Surrounding me in my office and extending into an adjacent room are bookshelves. As I look at them, I realize how much they tell about me.
One section of the shelves is filled LP records and tapes. Most are complete recordings of operas, one of the passions of my life. Then there are eleven shelves filled with compact discs, all of classical music, including lots of operas. Next come five shelves of classical music scores, some full orchestral scores, some just for piano. After them come three shelves of tapes, mostly VHS but also more classical acoustic analog recordings. Then there are the books, literally hundreds of them. Around twenty of them are dictionaries, some English, some other languages. Then there are the dozens of books I have reviewed and books on subjects I’m partial to like music, opera, ballet, and languages.
In addition to the shelves holding books, tapes, and CDs is a double-sided floor-to-ceiling set of shelves holding stereo equipment—two turntables, a large tape deck, and five consoles of various kinds.

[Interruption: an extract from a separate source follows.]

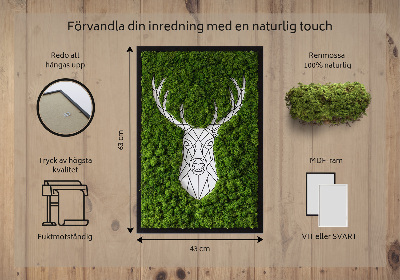 Moha kép Geometriai szarvas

All this equipment is less and less used these days as I find that music distracts me while I’m reading or writing.
In the middle of the room is my ten-foot-long u-shaped desk, always cluttered with books, pens, pencils, notes to myself, my computer and its ancillary equipment. It is constructed of the same blond maple wood as the shelves. Many years ago, I paid a professional cabinetmaker to build the desk and shelves for me. Fortunately, it all fits perfectly in my office in the lowest level of my split-level house in Columbia, Maryland, where I moved only a few years ago.
So here I sit, writing away, surrounded by the possessions gathered over my many years on earth. At first glance, it seems to me, this is obviously the workroom of an artist, a man who has spent his life as a musician, a linguist, and a writer.